[dpdk-dev] [PATCH v4 1/9] mbuf: new function to generate raw Tx offload value
Ananyev, Konstantin
konstantin.ananyev at intel.com
Sat Mar 30 15:20:31 CET 2019
Hi Olivier,
> > Operations to set/update bit-fields often cause compilers
> > to generate suboptimal code.
> > To help avoid such situation for tx_offload fields:
> > introduce new enum for tx_offload bit-fields lengths and offsets,
> > and new function to generate raw tx_offload value.
> >
> > Signed-off-by: Konstantin Ananyev <konstantin.ananyev at intel.com>
> > Acked-by: Akhil Goyal <akhil.goyal at nxp.com>
>
> I understand the need.
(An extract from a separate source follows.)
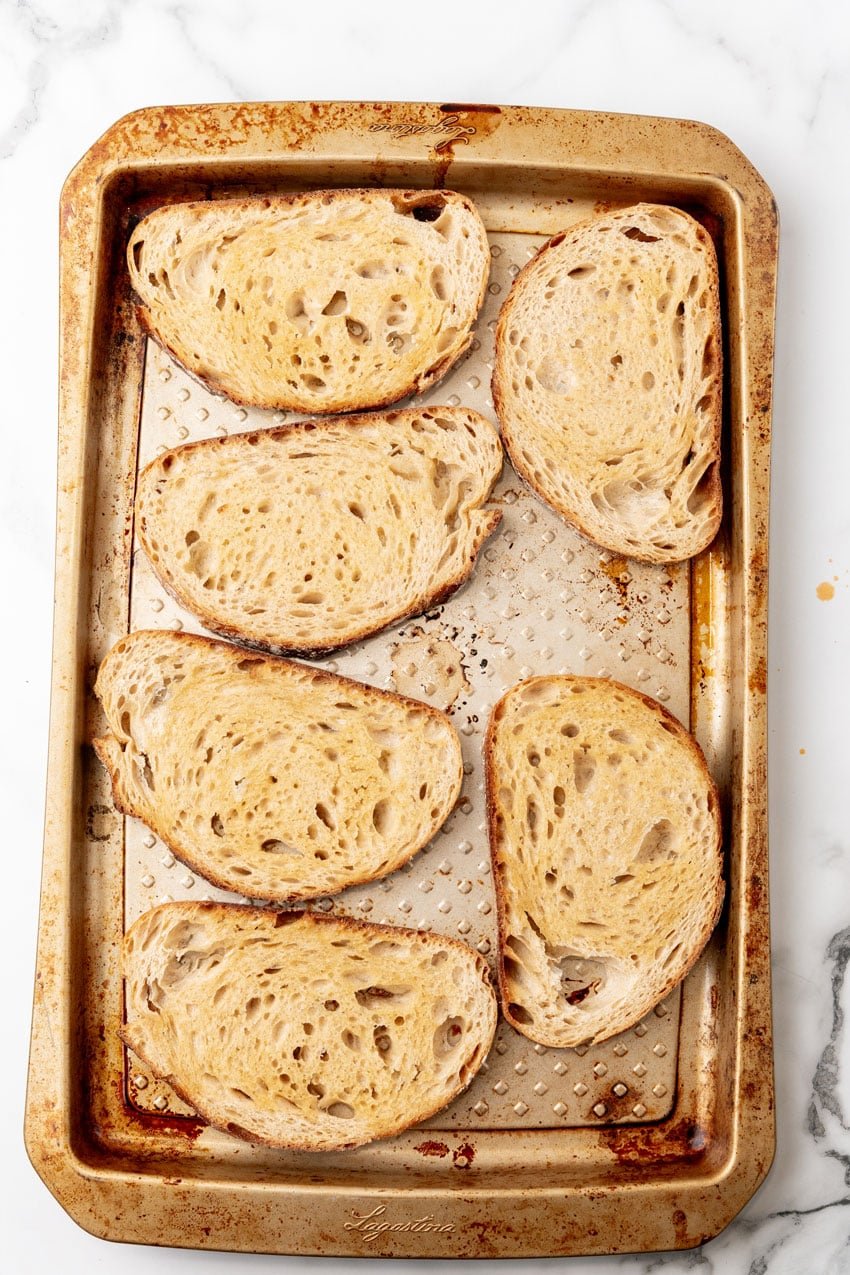 buttered slices of bread arranged on a metal baking sheet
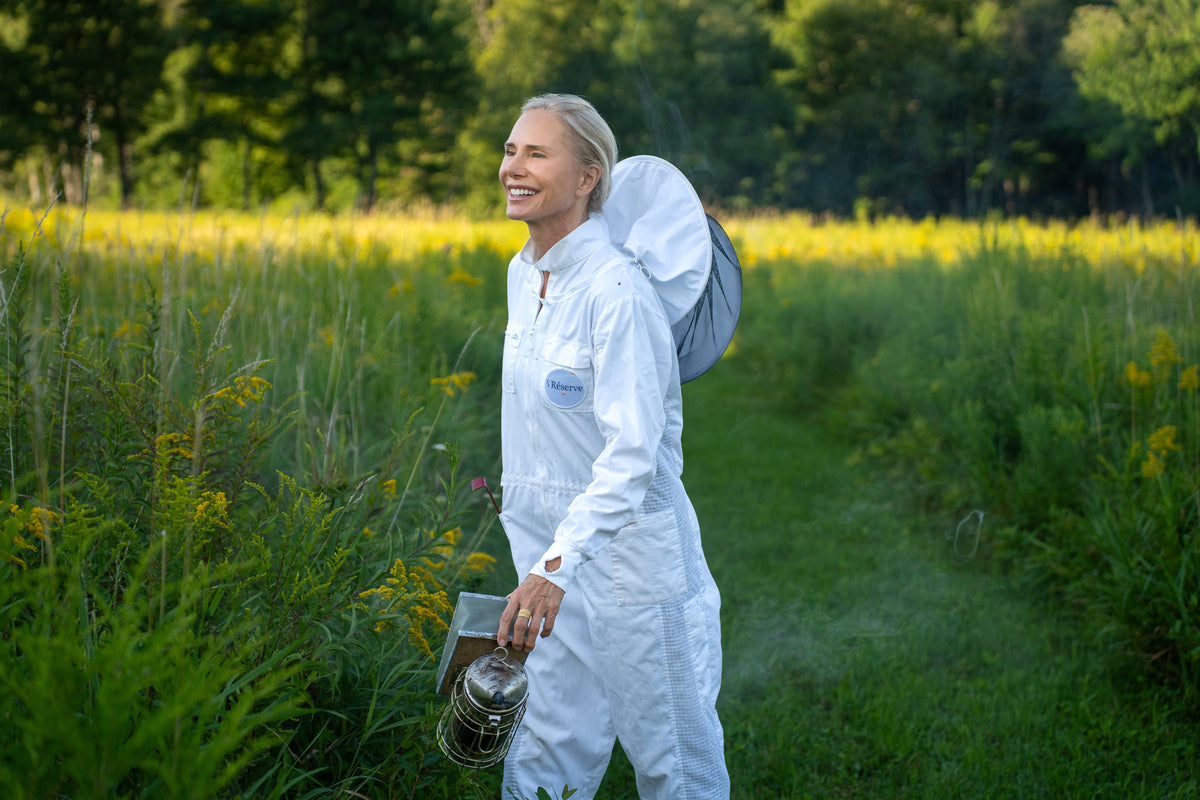 Valesca Guerrand-Hermes in a white beekeeping suit walks through a grassy field holding a smoker and wearing a protective hood. Trees and yellow wildflowers are visible in the background.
Out of curiosity, do you have any performance
> numbers to share?
On my board (SKX):
for micro-benchmark (doing nothing but setting tx_offload for 1M mbufs in a loop)
the difference is more than 150% - from ~55 cycles to ~20 cycles per iteration.
For ipsec-secgw - ~3% improvement for tunneled outbound packets.
>
> Few cosmetic questions below.
>
> > ---
> > lib/librte_mbuf/rte_mbuf.h | 79 ++++++++++++++++++++++++++++++++++----
> > 1 file changed, 72 insertions(+), 7 deletions(-)
> >
> > diff --git a/lib/librte_mbuf/rte_mbuf.h b/lib/librte_mbuf/rte_mbuf.h
> > index d961ccaf6..0b197e8ce 100644
> > --- a/lib/librte_mbuf/rte_mbuf.h
> > +++ b/lib/librte_mbuf/rte_mbuf.h
> > @@ -479,6 +479,31 @@ struct rte_mbuf_sched {
> > uint16_t reserved; /**< Reserved. */
> > }; /**< Hierarchical scheduler */
> >
> > +/**
> > + * enum for the tx_offload bit-fields lenghts and offsets.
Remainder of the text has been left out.